Last night came an example of such in the form of a long, thoughtful comment by a reader to a post of mine from more than six years ago (good gosh) about The Cincinnati Kid.
Way back in early 2007, I was inspired to write a series of four posts about The Cincinnati Kid. The posts covered not just the 1965 film, but also the DVD commentary and the Richard Jessup novel on which the film was based.
The posts were as follows:
(Incidentally, I also wrote another Poker & Pop Culture piece for PokerNews some time ago discussing “Critical Reception of ‘The Cincinnati Kid.’”)
Commentary on the Commentary: The Cincinnati Kid (1/5/07) Richard Jessup’s The Cincinnati Kid (1/7/07) Poker Review: The Cincinnati Kid (1/9/07) The Last Hand of The Cincinnati Kid: Differences Between the Novel and the Film (1/11/07)
The first of those four 2007 posts addresses the two commentary tracks on the Warner Brothers DVD released in 2005. One is by Phil Gordon and Dave Foley, then co-hosts of Celebrity Poker Showdown (a blast from the past, eh?), and other is by director Norman Jewison. I conclude (unsurprisingly) that of the two, Jewison’s contribution is much more relevant and interesting.

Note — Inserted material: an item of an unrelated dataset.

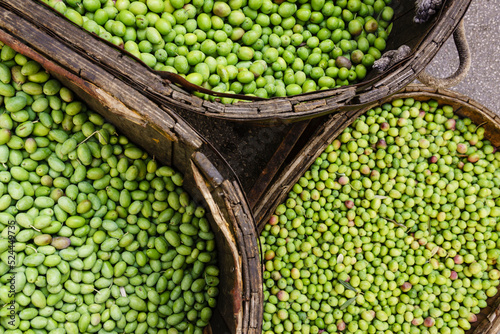 Fototapeta Naklejka Na Ścianę i Meble -  aceitunas,mercado al aire libre,Porreres, Mallorca,Islas Baleares, Spain.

The second post is a pretty thorough discussion of Jessup’s novel, which I still think is often too quickly dismissed as a pulpy throwaway. I tentatively talk about some of the differences between the novel and film (trying not to deliver any spoilers), and ultimately praise the book for its “hard-boiled” qualities and ability to present a few compelling characters. I do, however, conclude the film to be the greater achievement.
The third post then presents a proper review of the movie in which I express my admiration of several of the film’s elements, including the acting, the script, and the successful presentation of various themes. The review having gone on longer than I’d wished, I then decided to save a discussion of the final scene for a separate post.
That last post breaks down the big climactic hand of five-card stud played between Lancey Howard (“the Man”) and Eric, pointing out how the film actually changes some of the details of the hand from the way Jessup had presented it in the novel. In my discussion I defend the hand against the criticism many have lodged regarding its improbability, trying to fit it within the film’s attempt to communicate broader, “existential” ideas about life.
It was this last post that has earned a couple of interesting comments recently. One came a few months ago from a reader suggesting an idea I’ve heard others consider, namely, that cheating occurs in the hand, with Lady Fingers (the dealer) acting as an accomplice to Lancey.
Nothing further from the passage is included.